Archives - The Keyboard Room
An article from the February 1997 issue of the Japanese "Keyboard Magazine"
Translated by Shigemasa Fujimoto with help from Cindy Lou Marie Fujimoto
Stack 'm up
"My system, with just an old sequencer and analogue tape,
is quite primitive but is a challenge for me"

Since he joined them in 1979 as a guitarist and keyboard player, Dave Gregory has spiced up the sound of XTC. In his home to the west of London, he uses one of the rooms as a studio and has adopted ideas that come out of it to many of his sessions.

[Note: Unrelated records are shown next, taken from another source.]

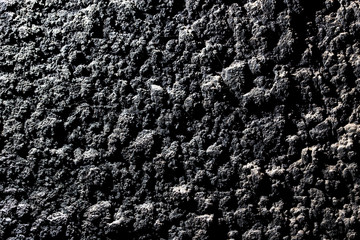 Black wall of sand and concrete as an abstract background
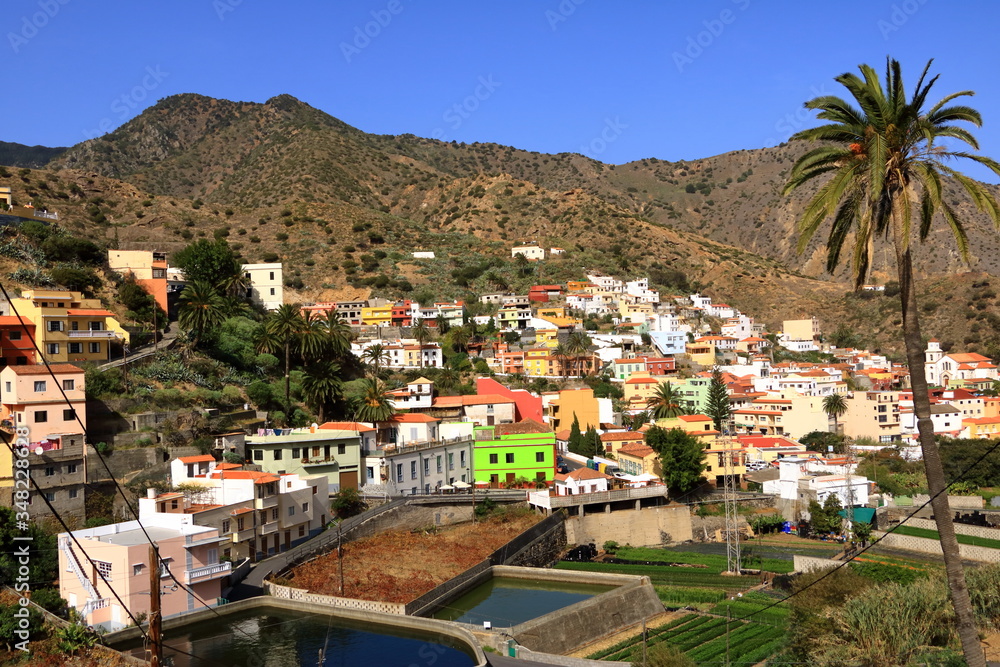 Colorful homes in Vallehermoso town and valley on the island of La Gomera, Canary Islands, Spain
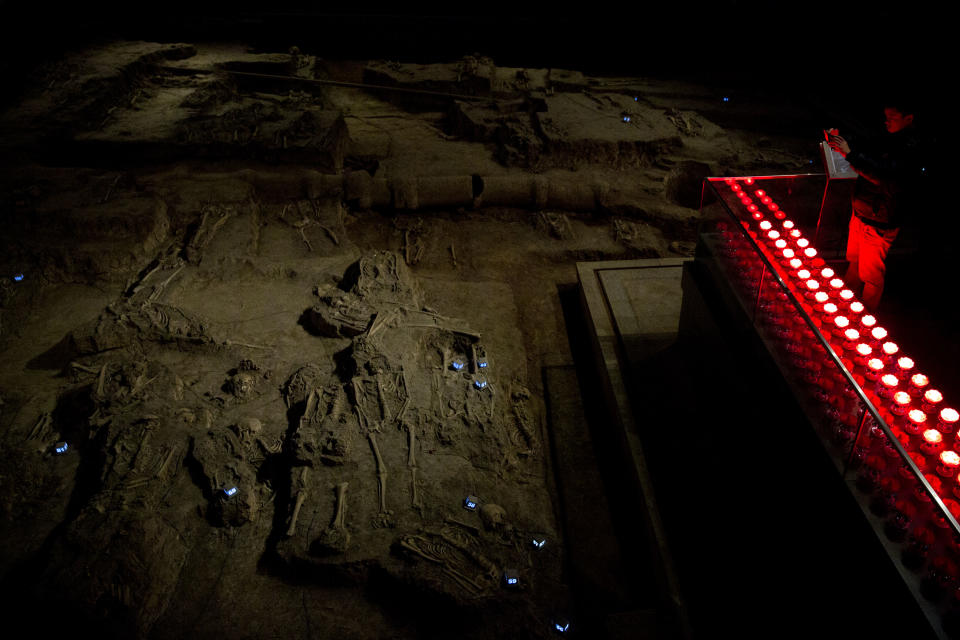 In this Feb. 11, 2014 photo, a visitor takes photos at a burial site at Nanjing Massacre Memorial Hall in Nanjing, in eastern China's Jiangsu province. The Tokyo shrine and the memorial hall in Nanjing, as Nanking is now called, are physical embodiments of divergent views of history that still strain China-Japan relations, 70 years after the war. (AP Photo/Alexander F. Yuan)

In 1994 he visited Japan where he toured with Martin Newell and demonstrated his virtuosity. With XTC, who have been silent for a while, he will soon start making a new album. Dave Gregory lovingly makes full use of the simple and basic set-up of his equipment.

Keyboard Magazine: Please tell us your studio's name, if there is one.
Dave Gregory: There isn't one in particular. It's just a small room in my house, just 8 feet by 8 feet (laughs). I'm basically a guitarist and I keep my guitars in a larger room, but the keyboards and recording equipment are all squeezed in to this small room.
KM: Please tell us where your house is located.
DG: It's in Swindon, 80 miles west of London. I've lived in this house for about three years now. It's the town where the members of XTC grew up and still live.

Mellotron control panel
Mellotron control panel

KM: Now then, can you tell us about your keyboards and modules?
DG: Okay. Let's start from the bottom then. First of all, this is a Mellotron 400S from the mid-'70s. It's not very big, and it's nice that you can put things on top of it! I have two racks of tapes: cello/strings/flute and choir sounds/strings.

After English Settlement, XTC's fifth album (1982), we decided we needed more keyboard sounds and bought this while we were recording Mummer in late '82. We used it on the Dukes of Stratosphear albums, of course.

I found it in Melody Maker's classified ads. Everybody was interested in synthesisers back then, so we got our Mellotron for only 300 pounds. But I was amazed when I looked at the mechanism inside. It has a very complex structure and must have been very costly to make it. It's no wonder the manufacturer went bankrupt.